LONDON — Tate Modern’s retrospective of Mona Hatoum spans the artist’s 35-year career, and she has made a lot of art. Hatoum’s works mine geopolitics, gender, art history, and her own past to reveal a world that is frightening and complex. But sadly, despite her formidable body of work, the exhibition’s curators have included too many pieces so that what should be a space for reflection instead comes across as a jumble.
The exhibition’s one true showstopper is right around the very first corner: In “Corps d’étranger” (1994), Hatoum explores her own body with a magnifying camera to produce an invasive and chilling video. Displayed in a camera obscura–like tube, the video renders the body abstract. Corps d’étranger translates to “stranger’s body,” and indeed the body is rendered strange and alien as it swells and contracts. Hair, tissue, and fluids have become unfamiliar and alarming, fragments to be surveilled and investigated. Like a horror film or a car accident, the video is both transfixing and haunting. Adding to this is the isolated experience of viewing the video, which can only be seen by a few people at a time. That Hatoum allows us to invade her body makes every moment spent watching feel like a violation, and the choice to exit the crowded gallery to watch the assault makes it doubly so.

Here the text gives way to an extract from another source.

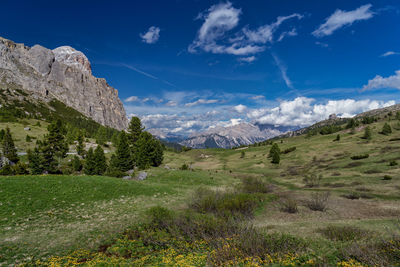 Scenic view of landscape against sky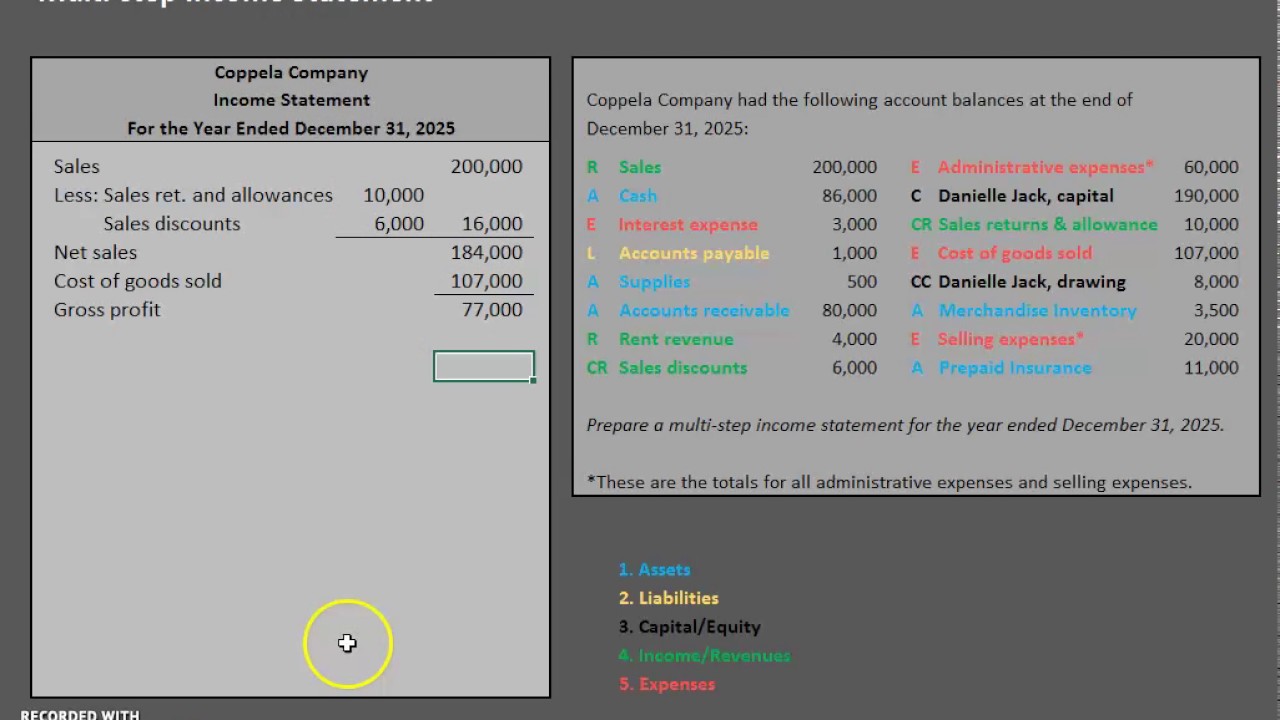 Multi-step Income Statement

Hatoum was born in Beirut to a Palestinian family and forced into exile in 1975; she now splits her time between London and Berlin. Some of the more thought-provoking objects on display examine displacement and her heritage with an eye towards the Middle East. Indeed, Hatoum is most successful when she interrogates the politics of her homeland. “Twelve Windows” (2012–2013), for which she collaborated with members of Inaash, the Association for the Development of Palestinian Camps, has 12 hanging embroidered squares or windows, each symbolizing a different geographic region. Decorated with rich reds and blues, the squares crisscross the gallery, overlapping, obscuring, and destabilizing one another. On a more intimate scale, Hatoum weaves human hair in “Keffieh” (1993–1999) to form a black and white headscarf. The keffiyeh is worn by men throughout the Arab world, and here the associations with masculinity are subverted both by the (ostensibly) female hair and by the emphasis on sewing. Finally, in “Present Tense” (1994), she again creates a fabric of sorts but instead of cloth she uses 2,200 blocks of olive oil soap made in Nablis, north of Jerusalem. The creamy grid of soaps carpets the ground and is decorated with red glass beads that demarcate the 1993 Oslo Accords. The map is subtle and fragile, as if any movement would knock the beads askew. Although solidly situated on the ground, “Present Tense” nonetheless seems precarious, and, in this sense, mirrors the peace process itself. Taken together, all three works express simultaneously a certain longing and unease Hatoum harbors towards her homeland.
Hatoum’s practice is layered and asks for contemplation. By abstracting the everyday, objects are made distressing, with an enormous cheese grater becoming an instrument of torture. Seemingly innocuous items — hair, cots, a birdcage — induce anxiety, and are a reminder that the world can be a chilling place. We should be shocked into consciousness, furious at those causing torment and pain, but in this exhibition her works are so cluttered that they are partly muted. Simply put, the exhibition is too damn large. The works, ordered not chronologically but by what Tate has termed “a series of juxtapositions,” feel haphazard and chaotic. Some of the small works on paper such as “Untitled (relief)” (1977) and “Untitled (piquage)” (1977), are lost, overwhelmed by the sheer number of things to see. These evoke the simplicity and delicacy of an Agnes Martin canvas, and their small scale and mostly monochromatic composition suggests a tenderness not found in her other art.
The last gallery offers some respite with “Undercurrent (red)” (2008), a web of red cables knit together to form an enormous mat. Its fringe is capped with lightbulbs that glow and dim at what Hatoum calls “breath’s pace.” Finally, space to breathe! But that it is given to one of the milder, more innocuous pieces of the exhibition is frustrating. At her best, Hatoum’s art is provocative and confrontational, meditating on realities that often are overlooked or pushed aside. Instead of capitalizing on this, and closing with, for example, “Homebound” (2000), an electric and electrified domestic setting of eerily empty seats and metal bedframes, the exhibition concludes on a quieter note, the lights in “Undercurrent” pulsing like the slow, belabored pant of a runner reaching the end of a marathon.
Mona Hatoum continues at Tate Modern (Bankside, London SE1 9TG) through August 21.